This is to provide you with our views on the question whether the President has the constitutional authority to suspend certain articles of the Treaty Between the United States of America and the Union of Soviet Socialist Republics on the Limitation of Anti-Ballistic Missile Systems, May 26, 1972, US-USSR, 23 UST 3435 (the "ABM Treaty") insofar as it is necessary to allow the development and testing of missile defenses. You have asked us to consider two cases: first, suspension of the relevant articles by mutual consent of both the United States and the Russian Federation; second, unilateral suspension by the United States. We conclude that the President has the constitutional authority to suspend the articles in either case.

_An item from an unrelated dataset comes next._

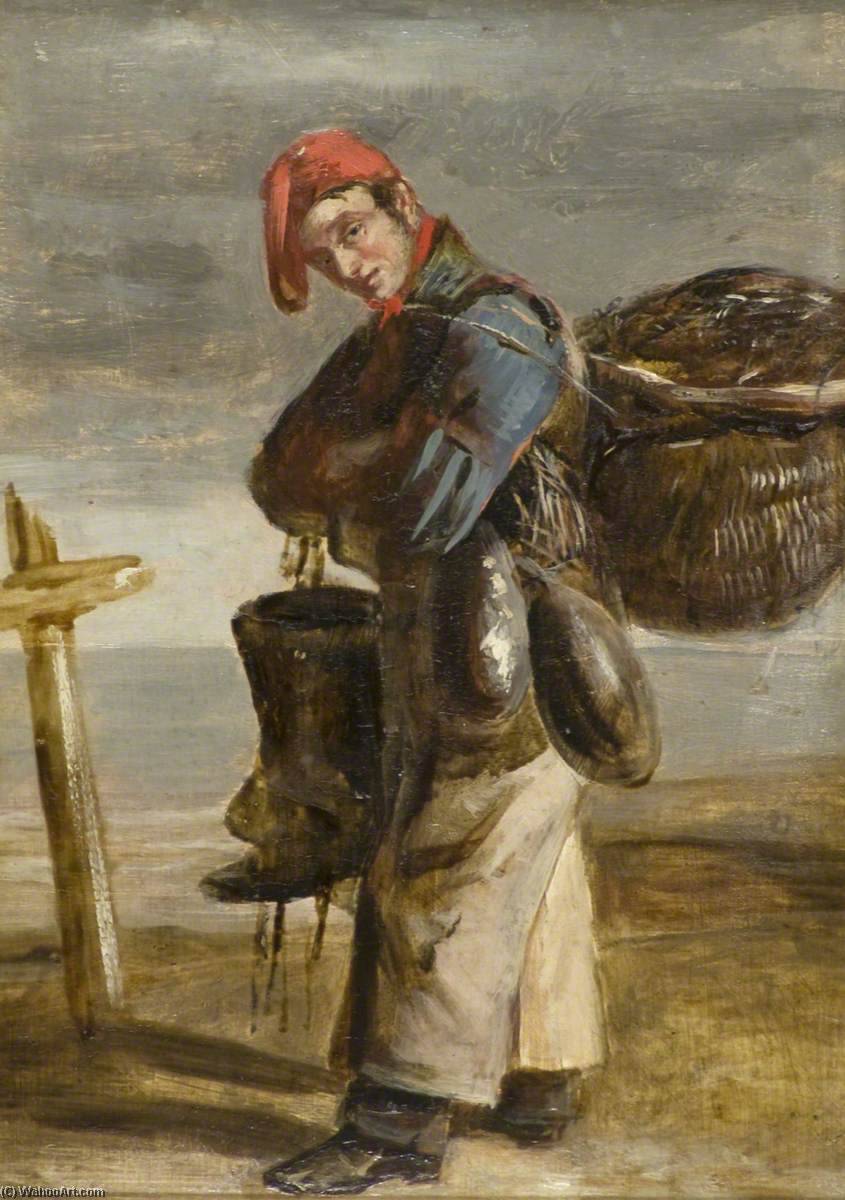 Wikioo.org - The Encyclopedia of Fine Arts - Painting, Artwork by Patrick Allan Fraser - Forfarshire Fisherman Wearing Tackle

Less than one month later, Bush announced that he was giving Russia six month’s notice of his intention to withdraw from the treaty completely, per the provisions of the treaty itself.

The OLC memo is a nice tidy case study and homage to Addington’s beloved Unitary Executive theory. Toward the end of the memo, the discussion takes an interesting turn, however, from looking at "Can a president suspend a treaty on his own?" to "Can a president withdraw from a treaty on his own?"

Isn’t that a nice pivot? "This reminds me of a question I wish you’d have asked . . ."

Yoo and Delahunty note that amending requires the Senate to act, but claim that suspending is different and can be done unilaterally. As I summarized their logic in Marcy’s first thread on these memos, "What’s the difference between amending and suspending? Amending a treaty means changing the words of the document; suspending it means ignoring them. (p. 19) The memo has Yoo’s signature but it also has David Addington’s fingerprints."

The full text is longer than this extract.